- [Brief]:
The output must contain exactly the lines from the top of the listing below through the line containing "Modern dining room", and no pictures.

- [Information supplied]:
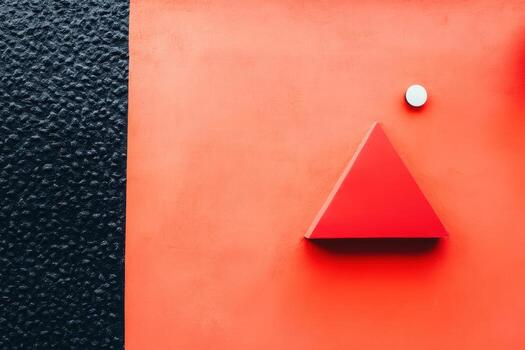 Bold red and black geometric shapes on a textured wall during daylight photo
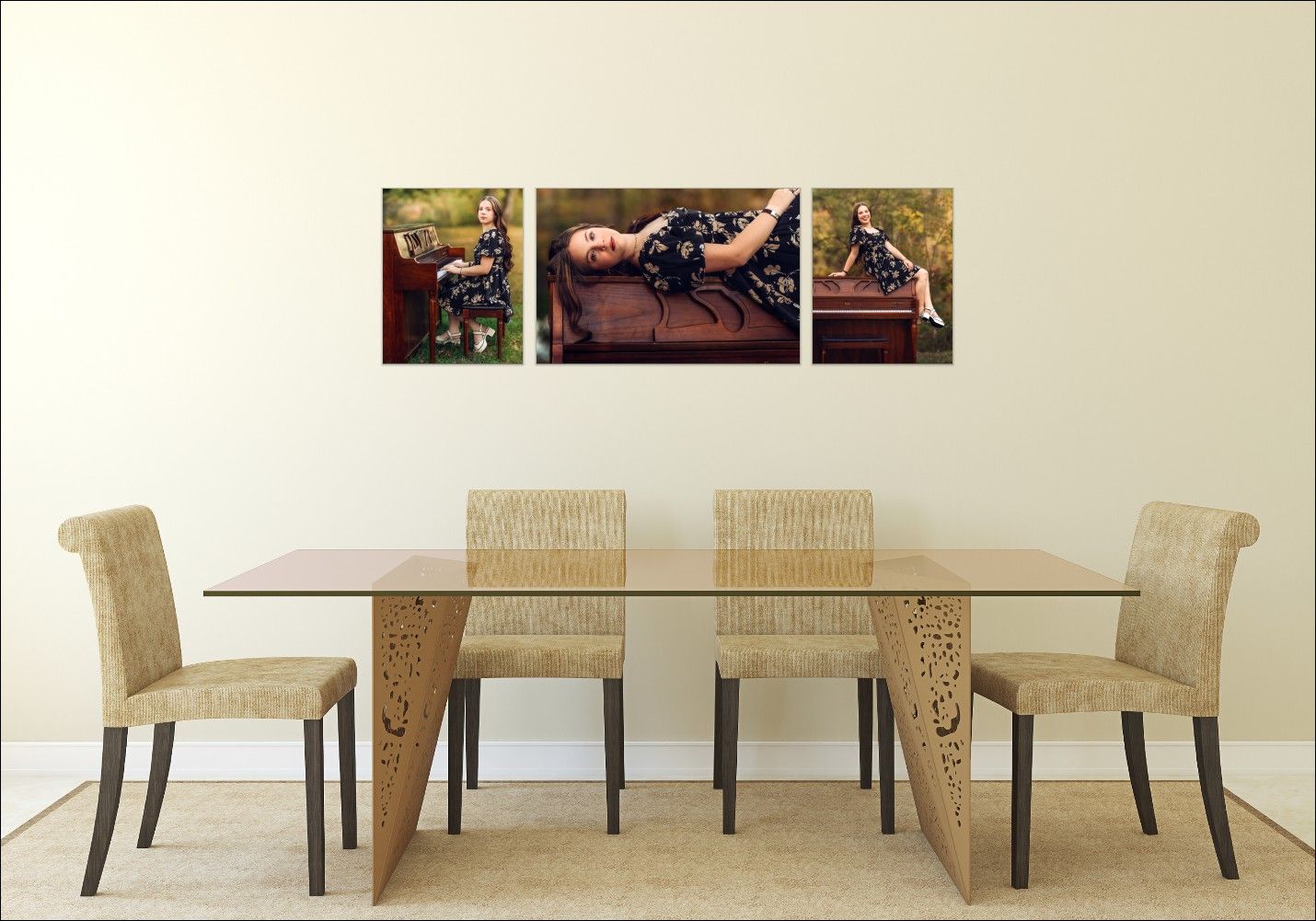 Modern dining room with glass table, beige upholstered chairs, and three dark artistic prints on neutral wall.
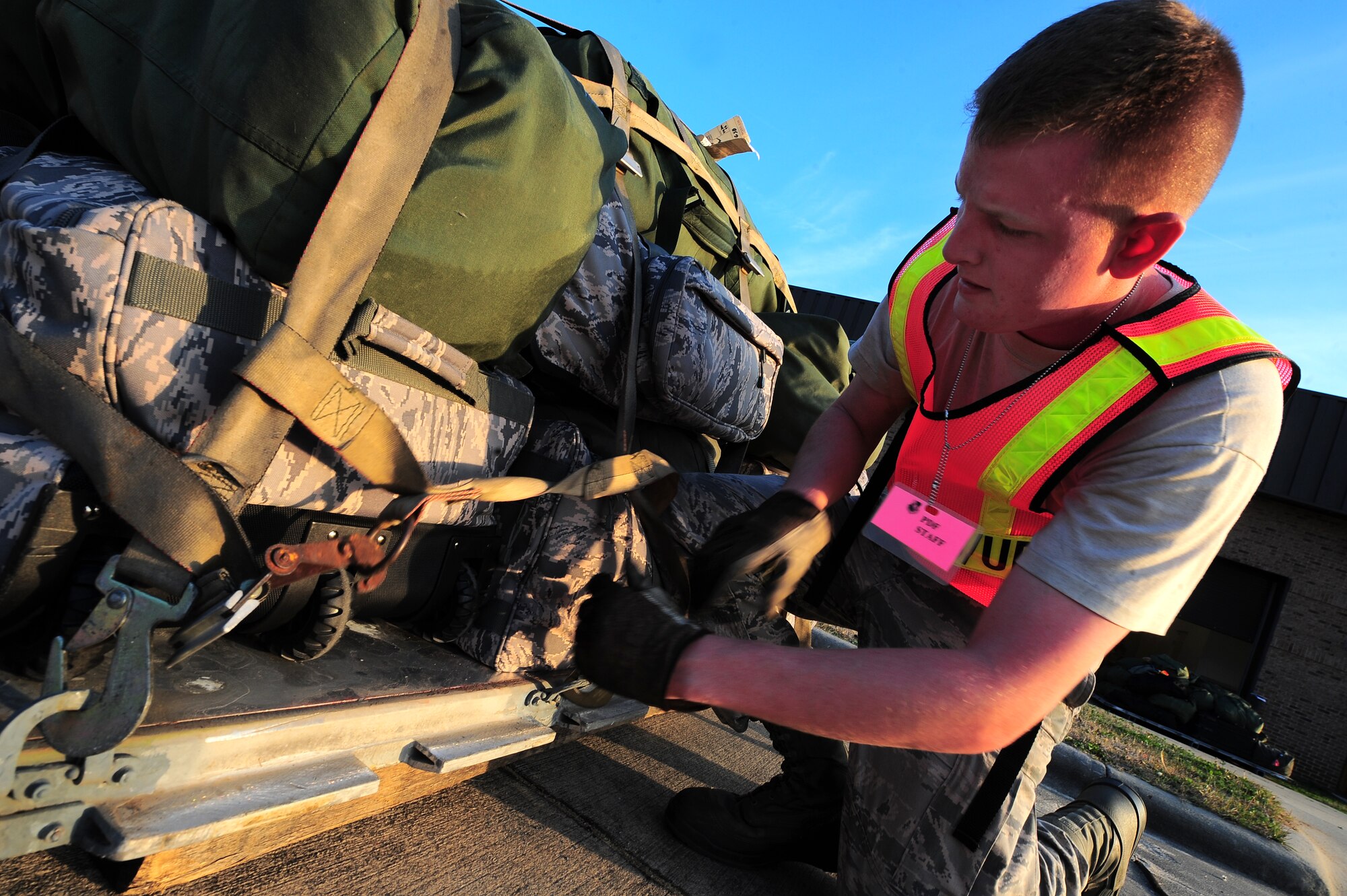 U.S. Air Force Airman 1st Class Benjamin Long, 4th Equipment Maintenance Squadron aircrew ground equipment maintainer, secures cargo onto a palette during Operational Readiness Exercise Coronet Warrior 13-04 at the Personnel Deployment Facility on Seymour Johnson Air Force Base, N.C., Jan. 14, 2013. The cargo was processed and simulated deployed during Phase I of the ORE. (U.S. Air Force photo/Airman 1st Class Aubrey White/Released)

- [Reply to the task]:
 Bold red and black geometric shapes on a textured wall during daylight photo
 Modern dining room with glass table, beige upholstered chairs, and three dark artistic prints on neutral wall.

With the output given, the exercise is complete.